With pianist Nathalia Milstein
The renowned British cellist, Natalie Clein once said: “I am a great believer in music that takes time to unfold.” She was, of course, speaking of composition, but she could very well also be describing the process of maturation. And while there is no fixed time for discovery and/or development clearly, for some the milestones come very early and the whole process of progress often proceeds at the speed of light. This might certainly be the case for Miss Lim.
Listening to her second Sony Classical disc, a duo performance with pianist Nathalia Milstein; of Russian Cello Sonatas – Rachmaninov and Prokofiev I had a feeling of almost light-headed wonderment. How brave, I thought, for someone so young to attempt such difficult, late work by these two Great Russian composers. I understood that her unique genius might enable her to play these works, of course, but to be able to rise to the challenge of attempting such diabolically demanding music – and that too, in the case of the Prokofiev, at least – written for a famously uneven partnership between piano and cello… this was something almost unbelievable.
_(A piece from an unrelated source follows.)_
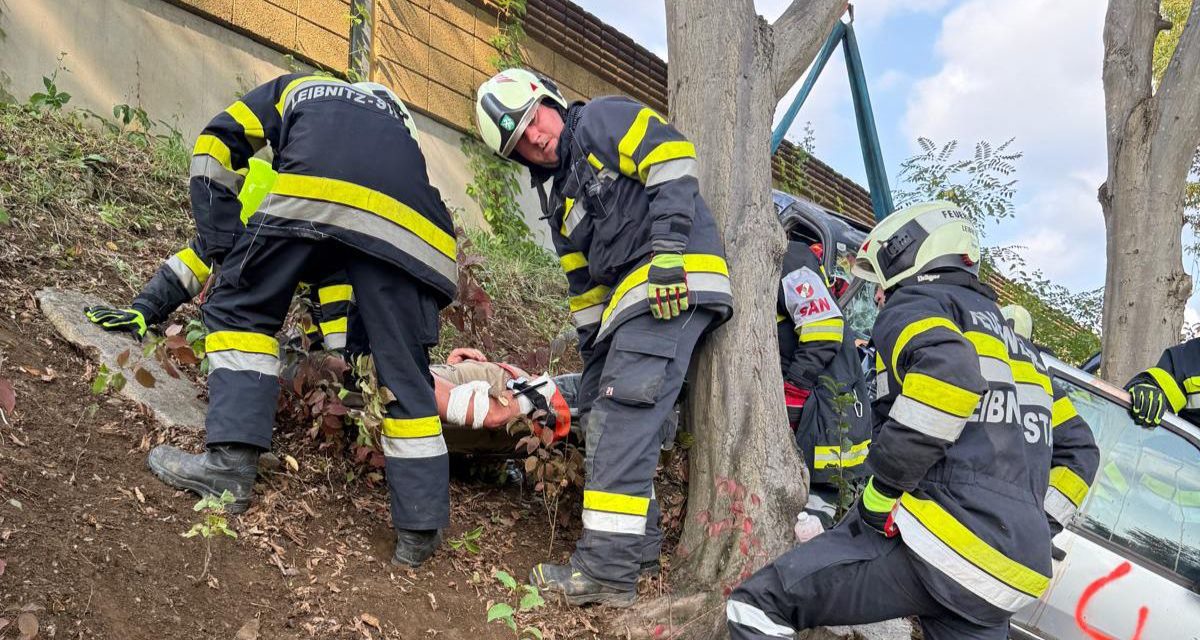 Abschnittsübung der Feuerwehr Kaindorf an der Sulm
I couldn’t resist the question, so I asked her: “What made you think of these two works?” She thought for a brief moment and then replied calmly: “I knew it would be challenging. But I wanted to see how well I could approach works where the cello had so few notes to play… to see if I could still play those few notes given to me in a way that was meaningful.” Listening to the recording for a second time, after talking to her, I realise that the simplicity of her statement actually reveals the depth of thought of this young genius.
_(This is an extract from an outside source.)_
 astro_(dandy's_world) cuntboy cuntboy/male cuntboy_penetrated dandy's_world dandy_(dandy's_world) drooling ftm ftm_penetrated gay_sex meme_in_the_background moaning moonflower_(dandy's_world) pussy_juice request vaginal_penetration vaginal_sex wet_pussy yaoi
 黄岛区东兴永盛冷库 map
And not simply thought, or word, but deed, too: Miss Lim has used her art and craft as a cellist in a way that you might expect from Rachmaninov and Prokofiev – going for broke; going for beauty of tone and articulation and thinking of bowing and vibrato and all the fine qualities of this beautiful instrument. While I know that she has not, in fact, written these notes that she is playing, they are certainly speaking to her in a very special way. I hear all of the despair and hopes, the sorrows and joys of Rachmaninov and Prokofiev at the height of the Soviet-era ideological madness of Andrei Zhdnov’s “formalism”. I hear – especially in the Prokofiev – how the composer escaped from the terrors of being crushed by ignorance through the inextinguishable triumph of music.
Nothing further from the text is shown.